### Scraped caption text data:
[Start of section]
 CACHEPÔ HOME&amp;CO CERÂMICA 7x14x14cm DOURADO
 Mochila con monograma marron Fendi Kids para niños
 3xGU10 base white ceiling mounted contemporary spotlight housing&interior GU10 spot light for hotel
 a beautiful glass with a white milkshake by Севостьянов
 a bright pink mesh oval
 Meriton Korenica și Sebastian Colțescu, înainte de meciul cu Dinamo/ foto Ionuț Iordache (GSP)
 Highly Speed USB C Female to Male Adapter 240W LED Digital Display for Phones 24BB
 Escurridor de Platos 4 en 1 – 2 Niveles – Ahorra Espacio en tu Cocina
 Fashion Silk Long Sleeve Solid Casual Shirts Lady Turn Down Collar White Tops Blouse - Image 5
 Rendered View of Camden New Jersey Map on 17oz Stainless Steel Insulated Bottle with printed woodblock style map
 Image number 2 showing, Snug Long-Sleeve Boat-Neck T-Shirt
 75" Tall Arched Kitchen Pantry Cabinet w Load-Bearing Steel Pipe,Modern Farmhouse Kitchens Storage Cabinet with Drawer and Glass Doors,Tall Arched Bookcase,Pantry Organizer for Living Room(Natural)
[End of section]
### What the task asks:
Every line above that holds the string "Sleeve" counts once. State how many such lines there are, as a number alone.

### Output:
2